Great Books on China

Headed to China as an expat and want to know what’s in store for you?  Already here but trying to figure out why mopeds keep their lights off at night (to save gas) and the thousand other riddles of modern China? These are some of my favorite reads on the Middle Kingdom.

River Town, by Peter Hessler.  Hessler spent two years teaching English in Fuling, a remote town on the Yangtze River. This extremely well crafted book captures the essence of a country and a people in transition. Although his experience is far from that of a typical expat, the book serves as an excellent starting point to get into the Chinese mindset.  I had been trying for years to find a way to explain some of the dusty and dirty trees I’ve seen here in China.  Hessler nailed it in one sentence: “Few things are more pathetic than a tree in Fuling, its leaves gray and dull as if it were just taken out of the attic.”  You’ll chuckle all the way through this book, and if you know China even a little, you might laugh out loud.  All the while, you’ll be developing a deeper understanding of this fascinating place.

Country Driving, by Peter Hessler. Hessler gets his Chinese driver’s license and embarks on a cross country adventure in a series of beat-up Jeep rentals.  It’s sort of a “Route 66 Meets The Great Wall” kind of tale.  There’s plenty in the book to prime a would-be expat for the insanity that is the Chinese driving experience, but he goes so much further.  Free to go wherever he wants, he spends time with the people of a small farming village near Beijing and documents how their lives change after the village is connected to the capital by a new road.  He visits a newly developed factory town, and the “pleather weather” it now enjoys courtesy of the noxious fumes emanating from the world’s new capital of plastic leather manufacturing.  Hessler’s observations are both humorous and poignant.  One of my favorites is: “It occurred to me that only in China could you visit a mountain and then, two years later, find it replaced by something called the Renli Environmental Protection Co., Ltd.”

China Kookoo, by Mark Kitto. Kitto is an English guy that started an English language magazine about the goings-on around town in Shanghai called That’s Shanghai. He learned the hard way that foreigners starting popular publications isn’t exactly on the top ten list of development priorities in China. His Chinese business partner teemed up with the Chinese government to see that he was left with nothing. After reading China Cuckoo and in solidarity to his plight, I stopped reading That’s Shanghai and switched over to Time Out Shanghai and City Weekend. Happily, he’s doing fine, having retreated to the mountains near Hangzhou to open The Lodge at Moganshan, a long forgotten weekend getaway for Shanghai expats that thanks in part to him is now drawing foreign visitors once more. It’s a great story and a fun read. And make sure to check out Moganshan when you need a break from the smog in Shanghai.

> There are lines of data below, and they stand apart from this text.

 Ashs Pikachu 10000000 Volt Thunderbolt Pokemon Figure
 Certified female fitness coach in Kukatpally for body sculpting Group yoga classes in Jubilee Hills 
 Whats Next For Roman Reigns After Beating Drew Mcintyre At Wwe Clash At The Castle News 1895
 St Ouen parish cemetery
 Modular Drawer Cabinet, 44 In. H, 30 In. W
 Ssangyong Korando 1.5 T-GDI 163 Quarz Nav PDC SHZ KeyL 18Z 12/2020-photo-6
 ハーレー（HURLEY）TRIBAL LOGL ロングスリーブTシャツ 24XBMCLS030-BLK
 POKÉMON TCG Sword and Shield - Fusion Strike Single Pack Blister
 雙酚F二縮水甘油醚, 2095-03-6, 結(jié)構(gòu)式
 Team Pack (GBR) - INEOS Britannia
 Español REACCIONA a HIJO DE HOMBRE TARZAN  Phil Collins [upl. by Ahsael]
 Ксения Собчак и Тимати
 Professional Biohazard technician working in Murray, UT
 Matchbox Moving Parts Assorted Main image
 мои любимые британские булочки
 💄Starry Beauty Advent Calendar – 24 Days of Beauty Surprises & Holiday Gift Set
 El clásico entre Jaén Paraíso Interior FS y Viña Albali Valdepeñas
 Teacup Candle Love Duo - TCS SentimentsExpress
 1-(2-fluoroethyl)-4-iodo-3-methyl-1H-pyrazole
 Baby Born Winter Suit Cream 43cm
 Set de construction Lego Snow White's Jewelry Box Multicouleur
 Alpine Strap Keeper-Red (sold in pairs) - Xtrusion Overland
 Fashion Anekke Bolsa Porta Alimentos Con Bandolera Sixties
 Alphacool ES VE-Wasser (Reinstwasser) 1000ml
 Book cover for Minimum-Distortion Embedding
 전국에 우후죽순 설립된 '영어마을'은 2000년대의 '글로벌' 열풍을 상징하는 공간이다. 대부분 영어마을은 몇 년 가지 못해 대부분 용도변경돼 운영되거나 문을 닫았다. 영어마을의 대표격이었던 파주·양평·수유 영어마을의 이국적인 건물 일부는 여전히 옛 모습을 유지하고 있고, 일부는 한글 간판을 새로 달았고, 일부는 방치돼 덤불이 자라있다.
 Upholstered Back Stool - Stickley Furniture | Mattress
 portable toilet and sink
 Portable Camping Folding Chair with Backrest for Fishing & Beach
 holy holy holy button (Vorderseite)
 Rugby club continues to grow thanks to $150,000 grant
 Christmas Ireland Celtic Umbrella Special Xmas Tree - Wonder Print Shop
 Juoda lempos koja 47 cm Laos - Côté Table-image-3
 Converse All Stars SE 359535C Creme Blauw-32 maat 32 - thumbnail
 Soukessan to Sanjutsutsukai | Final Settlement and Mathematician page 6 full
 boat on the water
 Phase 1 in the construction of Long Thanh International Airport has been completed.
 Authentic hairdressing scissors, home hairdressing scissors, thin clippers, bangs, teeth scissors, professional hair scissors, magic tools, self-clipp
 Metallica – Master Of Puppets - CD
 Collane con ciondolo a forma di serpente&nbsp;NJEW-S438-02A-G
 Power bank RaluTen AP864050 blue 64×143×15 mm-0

Poorly Made in China, by Paul Midler. Midler worked in China as a representative to western companies trying to get stuff made in China. They say it’s never a good thing to watch sausage being made, but Midler’s insiders view of the Chinese production process extends the concept considerably. After reading this, you’ll question why so many American and other companies raced to close down factories at home and shift their manufacturing to China. You’ll probably also never buy discount shampoo again either. Asked why he decided to write this book, he replied, “I felt someone had to.”


Mr. China, by Tim Clissold.  In the early 90s, Clissold, a Mandarin-speaking Englishman, teamed up with a Wall Street investment banker to make sure they wouldn’t miss out on China’s economic transformation.  Within a few years, they invested hundreds of millions of dollars in factories across the country, learning the hard way that the gap in culture, business styles, ethics and just about everything else was too much to handle. Much has changed in China since Clissold’s pioneering days, but his story is a cautionary, highly entertaining and still relevant tale that should be mandatory reading for anyone hoping to find their fortune in China.